Sunday, February 17, 2008

Stadium Agreement Has Been Reached (Wait a Couple More Days)

They had the copier working overtime printing out 94-page documents, just in time for many commissioners in Miami-Dade county to have their 'late Saturday night' interrupted by couriers knocking on their doors. (Good timing.)

The Herald and Sun-Sentinel at the moment still disagree on the final tally: is it $525 million or $515 million? Does it matter? - no; these are more-than-likely fantasy numbers anyway.

Based on the newspapers' recaps, here's what the participants have to do....


The City of Miami has to...

1.) "contribute the land"
2.) contribute "$13 million in hotel bed taxes"
3.) "spend $10 million for demolition of the Orange Bowl and preparation of the site"
4.) "spend $94 million on a 6,000-car parking garage"

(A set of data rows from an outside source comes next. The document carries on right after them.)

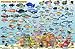 Placencia Belize Dive Map & Reef Creatures Guide Franko Maps Laminated Fish Card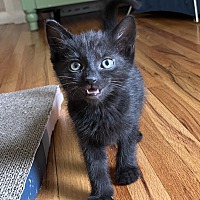 adopt a pet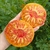 Tomate Beauty King - LA HUERTA ORGÁNICA SEMILLAS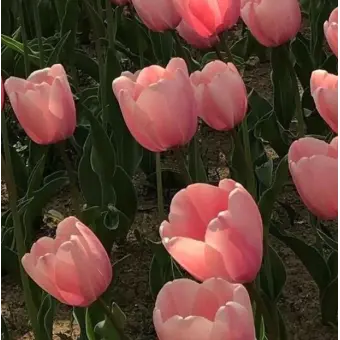 Profile image of 여우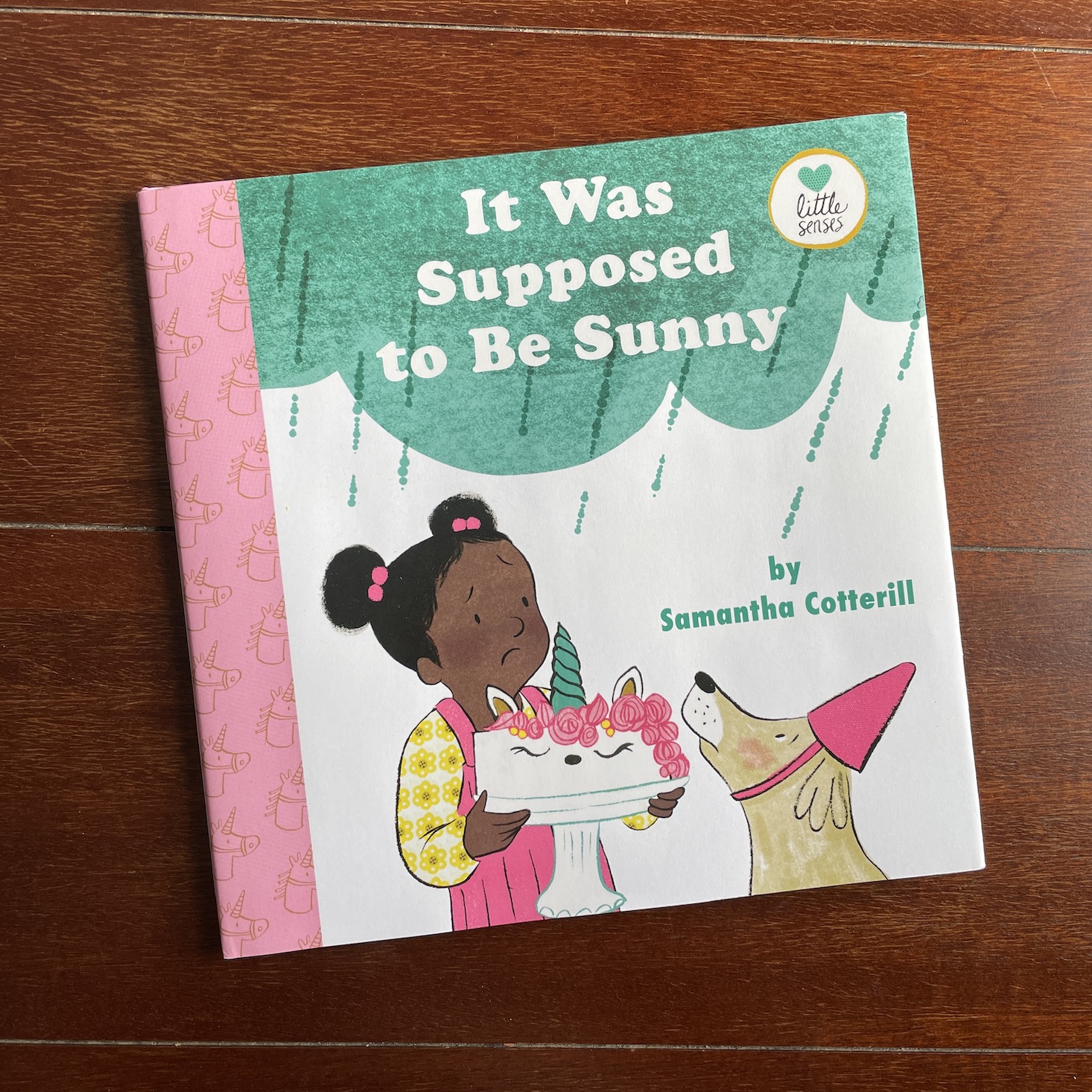 It Was Supposed to Be Sunny from Little Feminist Book Club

Miami-Dade County has to...

1.) pay "$347 million that includes a $50 million general obligation bond approved by voters in 2004 to renovate the Orange Bowl that will instead be moved to the ballpark project, and hotel bed and sports facilities taxes. The reason the county's contribution has ballooned from earlier proposals is that it now counts $88 million in tourist development taxes that it would otherwise pass through to the city, the document shows."
2.) "help identify" downtown office space for the Marlins
3.) "own the stadium"

The Marlins have to...

1.) "pay $120 million upfront"
2.) pay "$35 million...in the form of annual rent payments" "of $2.3 million"
3.) make "annual payments of $750,000 toward capital improvements -- one of the major sticking points during the two-month negotiations."
4.) "cover cost overruns, unless delays are caused by the city or county."
5.) "buy most of the parking spaces annually as a way to cover debt service on the (parking garage), and then re-sell the spots."
6.) "not relocate for 35 years"
7.) "change its name to the Miami Marlins"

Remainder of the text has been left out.